Most of the text in this description originally appeared on the Mapping Inequality Website. Robert K. Nelson, LaDale Winling, Richard Marciano, Nathan Connolly, et al., “Mapping Inequality,” American Panorama, ed. Robert K. Nelson and Edward L. Ayers,

"HOLC staff members, using data and evaluations organized by local real estate professionals--lenders, developers, and real estate appraisers--in each city, assigned grades to residential neighborhoods that reflected their "mortgage security" that would then be visualized on color-coded maps. Neighborhoods receiving the highest grade of "A"--colored green on the maps--were deemed minimal risks for banks and other mortgage lenders when they were determining who should received loans and which areas in the city were safe investments. Those receiving the lowest grade of "D," colored red, were considered "hazardous."

Conservative, responsible lenders, in HOLC judgment, would "refuse to make loans in these areas [or] only on a conservative basis." HOLC created area descriptions to help to organize the data they used to assign the grades. Among that information was the neighborhood's quality of housing, the recent history of sale and rent values, and, crucially, the racial and ethnic identity and class of residents that served as the basis of the neighborhood's grade. These maps and their accompanying documentation helped set the rules for nearly a century of real estate practice. "
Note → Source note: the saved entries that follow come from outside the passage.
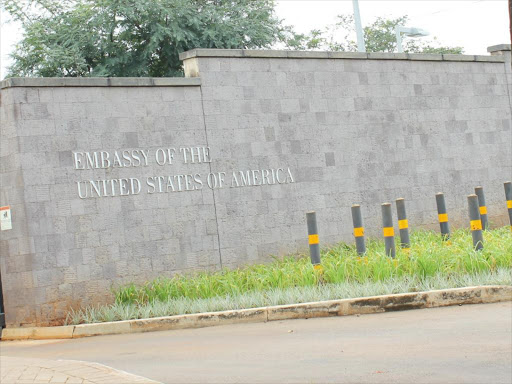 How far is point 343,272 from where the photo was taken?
1231 centimetres

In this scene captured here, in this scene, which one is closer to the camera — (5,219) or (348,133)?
(5,219)

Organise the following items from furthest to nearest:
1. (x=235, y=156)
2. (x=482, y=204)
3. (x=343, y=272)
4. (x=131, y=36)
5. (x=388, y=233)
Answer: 1. (x=131, y=36)
2. (x=482, y=204)
3. (x=235, y=156)
4. (x=388, y=233)
5. (x=343, y=272)

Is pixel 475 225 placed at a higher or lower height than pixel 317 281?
higher

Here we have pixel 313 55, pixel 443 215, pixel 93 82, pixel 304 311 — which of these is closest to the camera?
pixel 304 311

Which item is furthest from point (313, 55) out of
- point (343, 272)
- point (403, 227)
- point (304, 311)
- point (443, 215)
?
point (304, 311)

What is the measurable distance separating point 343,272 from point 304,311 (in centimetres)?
129

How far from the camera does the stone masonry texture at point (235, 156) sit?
12992 mm

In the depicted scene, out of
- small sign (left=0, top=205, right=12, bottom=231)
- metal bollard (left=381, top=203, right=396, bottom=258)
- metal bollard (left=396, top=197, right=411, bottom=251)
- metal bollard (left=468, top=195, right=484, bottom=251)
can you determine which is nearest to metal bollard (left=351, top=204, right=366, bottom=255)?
metal bollard (left=381, top=203, right=396, bottom=258)

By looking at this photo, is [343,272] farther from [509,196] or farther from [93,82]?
[93,82]

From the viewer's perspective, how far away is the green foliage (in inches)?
467

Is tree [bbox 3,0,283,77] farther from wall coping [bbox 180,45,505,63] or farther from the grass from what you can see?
the grass

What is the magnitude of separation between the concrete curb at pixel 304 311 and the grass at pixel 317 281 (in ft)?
0.93

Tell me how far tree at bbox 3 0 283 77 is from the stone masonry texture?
7772 mm

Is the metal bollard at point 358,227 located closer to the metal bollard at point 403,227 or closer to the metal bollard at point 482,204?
the metal bollard at point 403,227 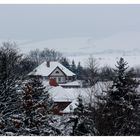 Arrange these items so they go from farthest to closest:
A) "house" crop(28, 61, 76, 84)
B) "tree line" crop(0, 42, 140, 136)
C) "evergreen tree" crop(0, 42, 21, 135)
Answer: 1. "house" crop(28, 61, 76, 84)
2. "tree line" crop(0, 42, 140, 136)
3. "evergreen tree" crop(0, 42, 21, 135)

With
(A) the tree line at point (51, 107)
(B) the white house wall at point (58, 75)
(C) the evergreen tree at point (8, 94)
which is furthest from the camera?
(B) the white house wall at point (58, 75)

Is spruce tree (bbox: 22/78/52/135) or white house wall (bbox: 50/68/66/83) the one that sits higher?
spruce tree (bbox: 22/78/52/135)

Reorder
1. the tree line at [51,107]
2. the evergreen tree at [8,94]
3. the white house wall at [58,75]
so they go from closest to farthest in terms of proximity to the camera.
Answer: the evergreen tree at [8,94]
the tree line at [51,107]
the white house wall at [58,75]

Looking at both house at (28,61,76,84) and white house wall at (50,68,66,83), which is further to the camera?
white house wall at (50,68,66,83)

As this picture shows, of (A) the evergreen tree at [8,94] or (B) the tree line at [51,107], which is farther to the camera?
(B) the tree line at [51,107]

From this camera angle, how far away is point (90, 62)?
39.4m

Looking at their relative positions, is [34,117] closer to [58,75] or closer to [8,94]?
[8,94]

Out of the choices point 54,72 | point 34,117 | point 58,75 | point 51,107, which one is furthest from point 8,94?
point 58,75

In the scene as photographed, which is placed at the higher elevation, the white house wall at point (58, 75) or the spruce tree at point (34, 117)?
the spruce tree at point (34, 117)

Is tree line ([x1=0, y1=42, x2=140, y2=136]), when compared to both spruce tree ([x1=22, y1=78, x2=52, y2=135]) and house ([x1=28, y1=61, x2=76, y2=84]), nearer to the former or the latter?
spruce tree ([x1=22, y1=78, x2=52, y2=135])

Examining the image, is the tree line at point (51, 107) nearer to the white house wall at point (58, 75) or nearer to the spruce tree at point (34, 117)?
the spruce tree at point (34, 117)

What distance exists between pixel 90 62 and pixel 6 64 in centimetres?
2380

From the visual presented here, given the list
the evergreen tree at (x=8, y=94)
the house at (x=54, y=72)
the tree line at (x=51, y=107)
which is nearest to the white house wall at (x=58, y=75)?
the house at (x=54, y=72)

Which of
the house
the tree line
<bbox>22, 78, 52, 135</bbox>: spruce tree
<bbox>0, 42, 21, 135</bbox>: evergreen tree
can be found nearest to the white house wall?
the house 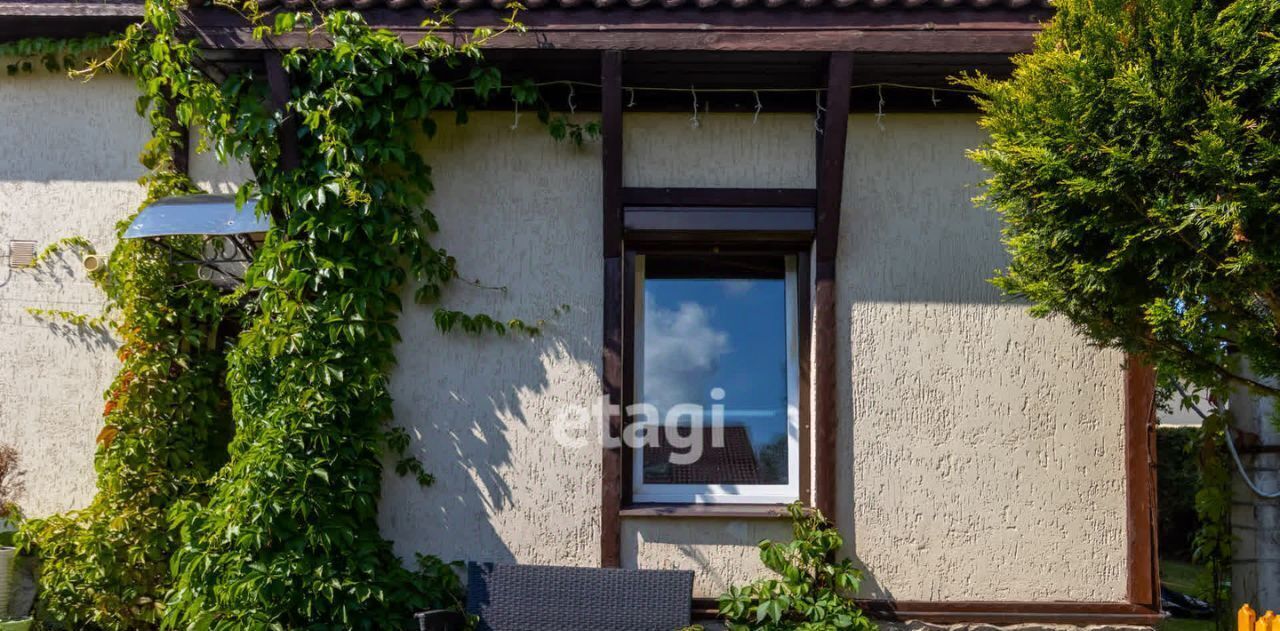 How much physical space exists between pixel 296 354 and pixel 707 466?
2.17 m

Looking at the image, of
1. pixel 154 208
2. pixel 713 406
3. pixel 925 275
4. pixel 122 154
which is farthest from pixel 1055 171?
pixel 122 154

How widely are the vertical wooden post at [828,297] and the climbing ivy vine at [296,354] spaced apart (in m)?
1.34

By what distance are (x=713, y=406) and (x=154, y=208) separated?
120 inches

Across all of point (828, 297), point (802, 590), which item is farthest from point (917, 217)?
point (802, 590)

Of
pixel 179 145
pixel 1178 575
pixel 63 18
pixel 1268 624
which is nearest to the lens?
pixel 1268 624

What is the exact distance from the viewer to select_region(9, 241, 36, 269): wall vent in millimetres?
5227

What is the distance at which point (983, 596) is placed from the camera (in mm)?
4785

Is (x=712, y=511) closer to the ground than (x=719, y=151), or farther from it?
closer to the ground

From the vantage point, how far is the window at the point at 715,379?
510 centimetres

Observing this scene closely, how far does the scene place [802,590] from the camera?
15.0 ft

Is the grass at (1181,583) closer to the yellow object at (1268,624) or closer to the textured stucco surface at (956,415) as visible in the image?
the textured stucco surface at (956,415)

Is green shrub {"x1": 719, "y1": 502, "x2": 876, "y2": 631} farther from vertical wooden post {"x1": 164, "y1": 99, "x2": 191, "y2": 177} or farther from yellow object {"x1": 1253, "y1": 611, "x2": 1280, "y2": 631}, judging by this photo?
vertical wooden post {"x1": 164, "y1": 99, "x2": 191, "y2": 177}

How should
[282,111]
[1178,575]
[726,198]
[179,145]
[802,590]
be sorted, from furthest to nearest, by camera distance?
[1178,575] → [179,145] → [726,198] → [282,111] → [802,590]

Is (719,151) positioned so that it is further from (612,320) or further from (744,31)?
(612,320) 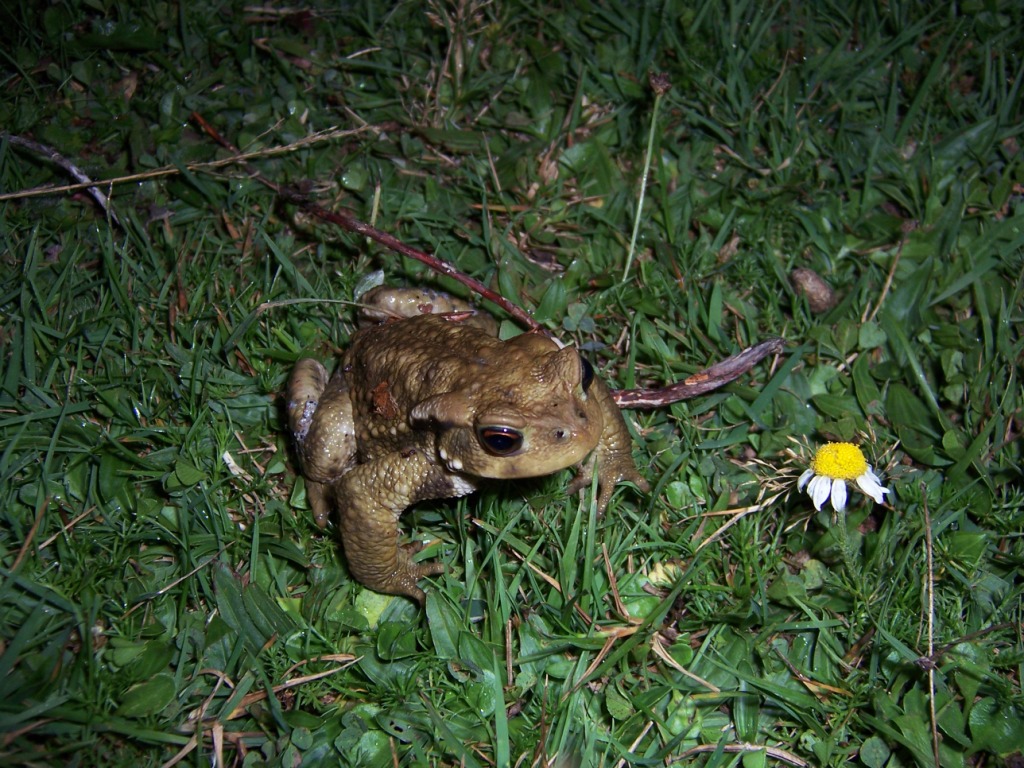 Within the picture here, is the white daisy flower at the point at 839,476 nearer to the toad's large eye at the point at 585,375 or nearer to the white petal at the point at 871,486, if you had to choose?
the white petal at the point at 871,486

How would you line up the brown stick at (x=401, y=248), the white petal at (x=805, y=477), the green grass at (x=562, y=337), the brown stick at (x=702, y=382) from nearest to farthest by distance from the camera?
the green grass at (x=562, y=337)
the white petal at (x=805, y=477)
the brown stick at (x=702, y=382)
the brown stick at (x=401, y=248)

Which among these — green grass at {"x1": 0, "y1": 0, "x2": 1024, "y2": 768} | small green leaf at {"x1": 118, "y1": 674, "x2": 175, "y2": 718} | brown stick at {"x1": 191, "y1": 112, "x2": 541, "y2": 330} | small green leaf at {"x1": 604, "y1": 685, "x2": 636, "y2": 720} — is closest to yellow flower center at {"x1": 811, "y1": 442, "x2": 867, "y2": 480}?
green grass at {"x1": 0, "y1": 0, "x2": 1024, "y2": 768}

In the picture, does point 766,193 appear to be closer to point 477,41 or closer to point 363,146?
point 477,41

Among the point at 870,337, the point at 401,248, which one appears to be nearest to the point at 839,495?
the point at 870,337

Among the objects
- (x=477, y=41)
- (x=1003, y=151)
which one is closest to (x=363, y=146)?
(x=477, y=41)

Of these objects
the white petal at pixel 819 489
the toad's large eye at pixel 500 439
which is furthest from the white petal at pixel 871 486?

HOLC agents grading cities through this program largely "adopted a consistently white, elite standpoint or perspective. HOLC assumed and insisted that the residency of African Americans and immigrants, as well as working-class whites, compromised the values of homes and the security of mortgages. In this they followed the guidelines set forth by Frederick Babcock, the central figure in early twentieth-century real estate appraisal standards, in his Underwriting Manual: "The infiltration of inharmonious racial groups ... tend to lower the levels of land values and to lessen the desirability of residential areas."

These grades were a tool for redlining: making it difficult or impossible for people in certain areas to access mortgage financing and thus become homeowners. Redlining directed both public and private capital to native-born white families and away from African American and immigrant families. As homeownership was arguably the most significant means of intergenerational wealth building in the United States in the twentieth century, these redlining practices from eight decades ago had long-term effects in creating wealth inequalities that we still see today. Mapping Inequality, we hope, will allow and encourage you to grapple with this history of government policies contributing to inequality."

Data was copied from the Mapping Inequality Website for communities in Western Pennsylvania where data was available. These communities include Altoona, Erie, Johnstown, Pittsburgh, and New Castle. Data included original and georectified images, scans of the neighborhood descriptions, and digital map layers. Data here was downloaded on June 9, 2020.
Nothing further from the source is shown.